Somali halkının en rahatsız olduğu konuların başında Somali için toplanan paraların Kenya’ya aktarılması hususu geliyordu. Bu yüzden Kenya adeta bir sivil toplum cenneti olmuştu. Somali’ye gidemeyen Batılı STK’lar Kenya’da icraat yapmayı tercih ediyordu. Çünkü Kenya Somali’ye göre çok daha güvenli kabul ediliyordu. Şebab bu saldırısı ile bu imajı da sarstı. En azından bir süre kimse Kenya’nın daha güvenli olduğunu düşünmeyecektir.
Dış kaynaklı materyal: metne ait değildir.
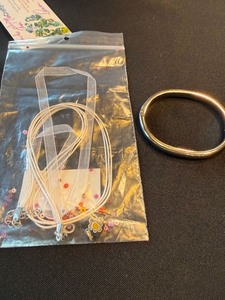 Silver Tone Oval Hinged Bangle Bracelet w Necklace Cords Beads Lot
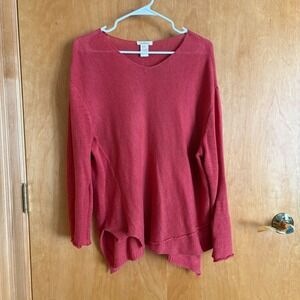 Sundance‎ Women's Small Linen Cotton Knit Sweater Top Coral Red Asymmetrical
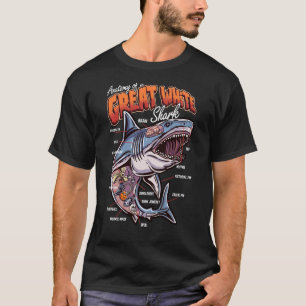 Camiseta Anatomia de um Tubarão Branco Educativo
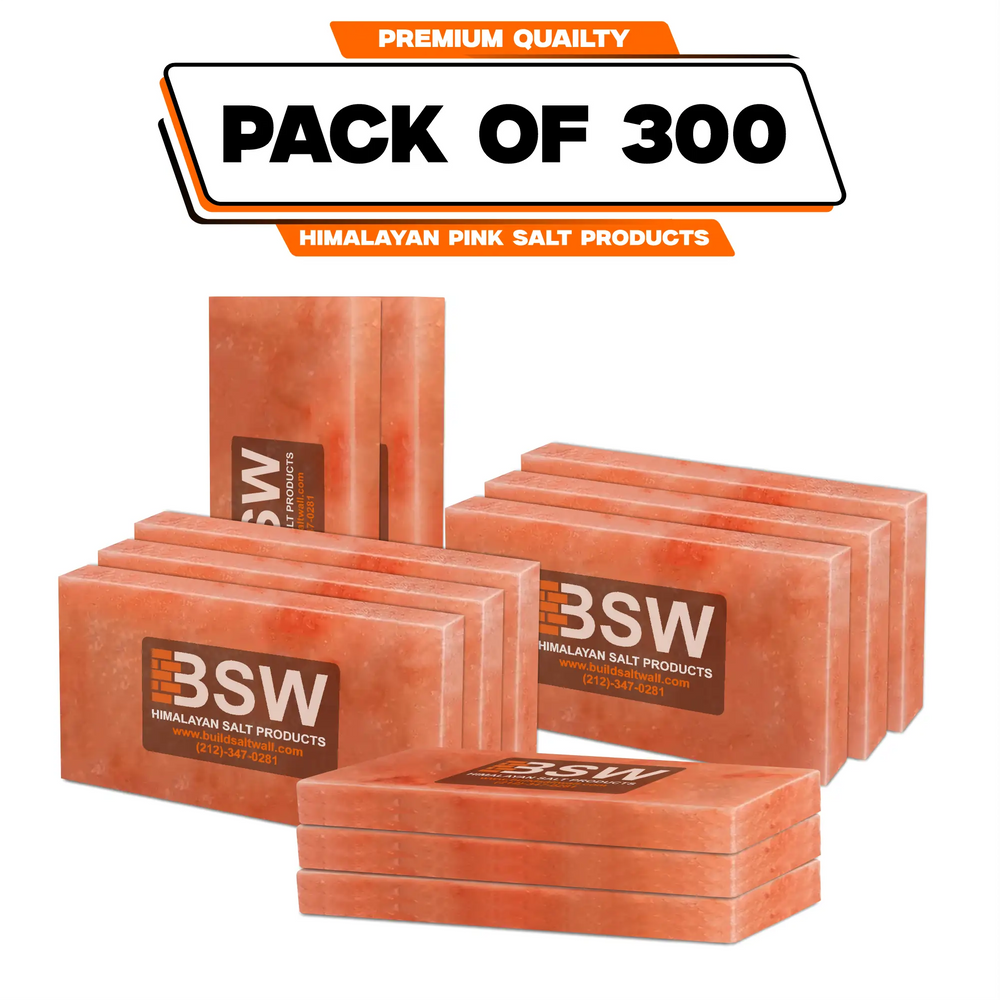 Pack illustration labeled 300 Himalayan pink salt tiles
Her ne kadar kısa vadede Şebab bu saldırı ile amaçladığı hedeflerine ulaşmış olsa da sivil kayıplara neden olarak ciddi bir imaj kaybetti. Örgüt twitter üzerinden yaptığı açıklamalarda çocukların ve kadınların zarar görmemesi için elimizden geleni yaptık dese de küçük çocuklar, kadınlar, bu işlerle hiç ilgisi olmayan insanlar dehşet anlarını yaşadılar. AVM’de hayatını kaybeden insanlar Somali meselesine taraf değiller, Kenya ordusunun Somali’de bulunması noktasında olayla hiç ilgileri olmayan kişiler. Faturanın sivil insanlara kesilmesi hem Somali meselesine hem de gerek Kenya ve Afrika’da gerekse de dünyanın diğer ülkelerinde yaşayan Müslümanlara büyük zarar verdi.